> Problem statement
Lines from the beginning of the material below through the line that has "Today I'm going" are to be reproduced exactly, but pictures are not.

> Material provided
_ _ _

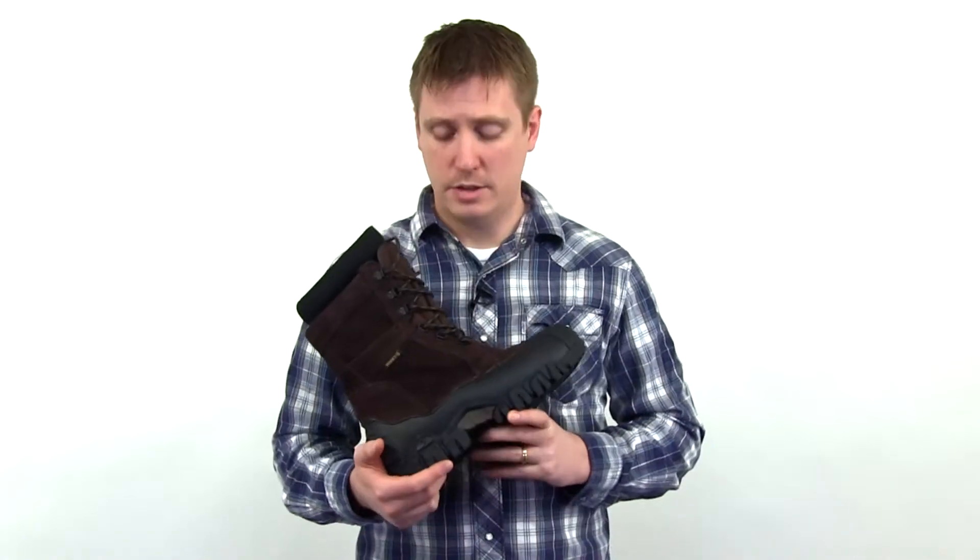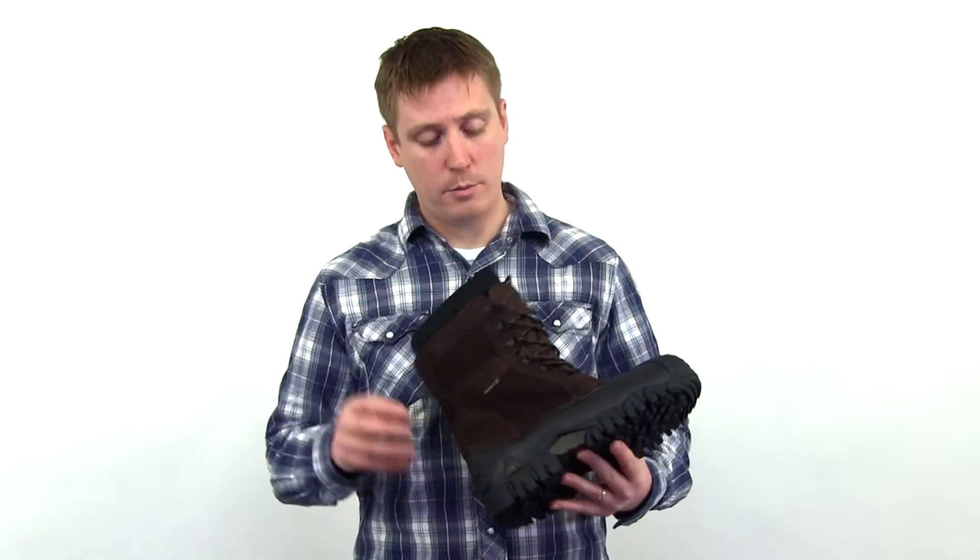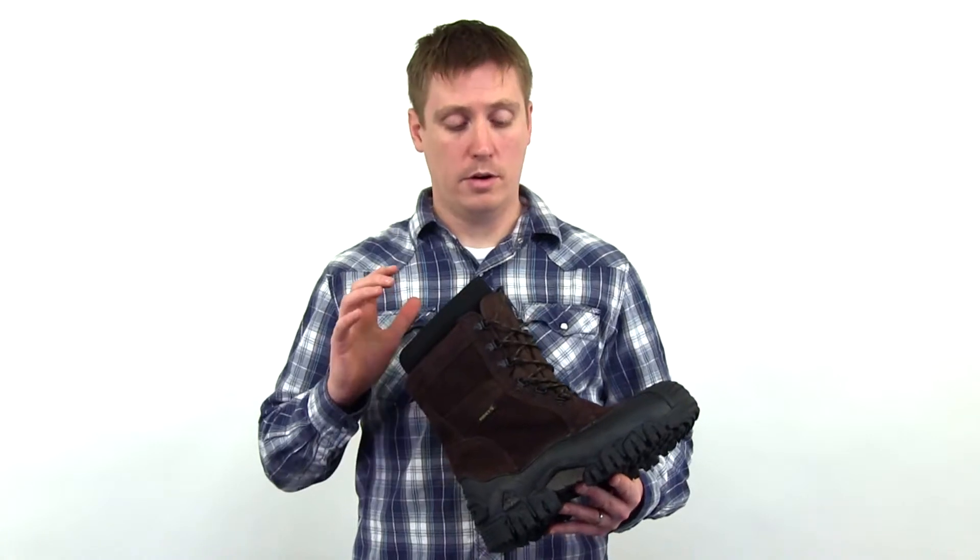The upper consists of split suede that's been heavily oiled — it's very durable and tough. This also features a 200 gram removable bootie that's great for keeping you warm, and also great if you need to clean it or dry it out.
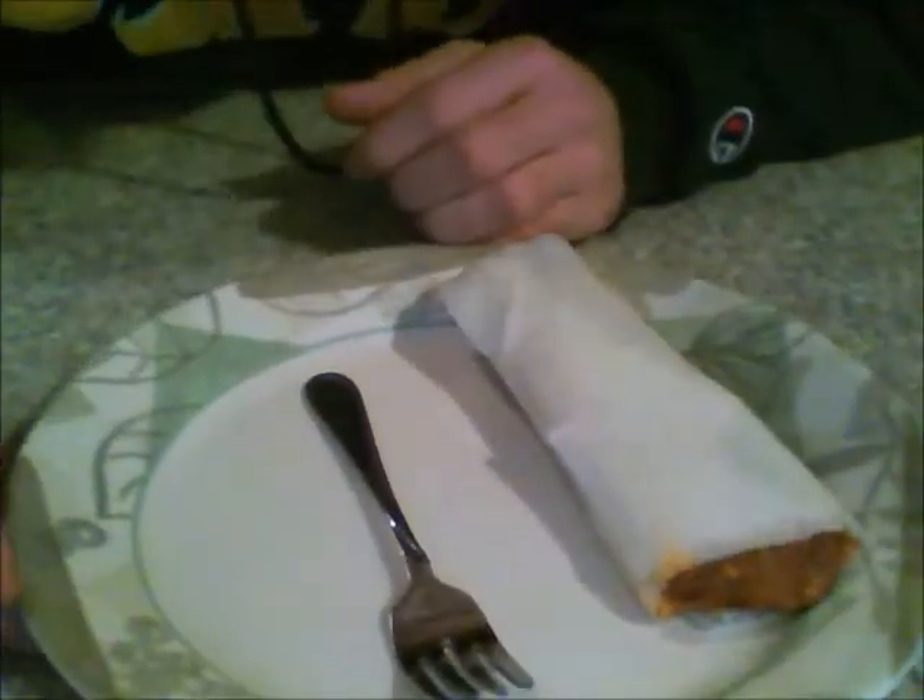Today I'm going to show you how I eat tamales. So if you microwaved your tamale, it's wrapped in a paper towel — because obviously you have to wrap it in a moist paper towel to microwave it.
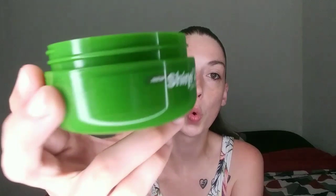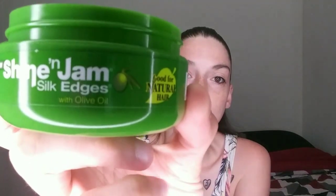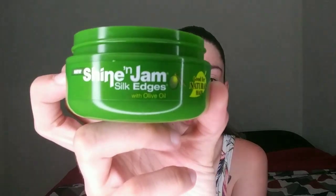I need some edge control — you see what it says. It doesn't take much. I can't find my edge brush anywhere so I'm using an old toothbrush — any girl knows that's the hack to use. It's not a lot, I don't use a lot, just a little bit. And as you can see, this is already starting to look better, even without brushing.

_ _ _

> Answer space
The upper consists of split suede that's been heavily oiled — it's very durable and tough. This also features a 200 gram removable bootie that's great for keeping you warm, and also great if you need to clean it or dry it out.
Today I'm going to show you how I eat tamales. So if you microwaved your tamale, it's wrapped in a paper towel — because obviously you have to wrap it in a moist paper towel to microwave it.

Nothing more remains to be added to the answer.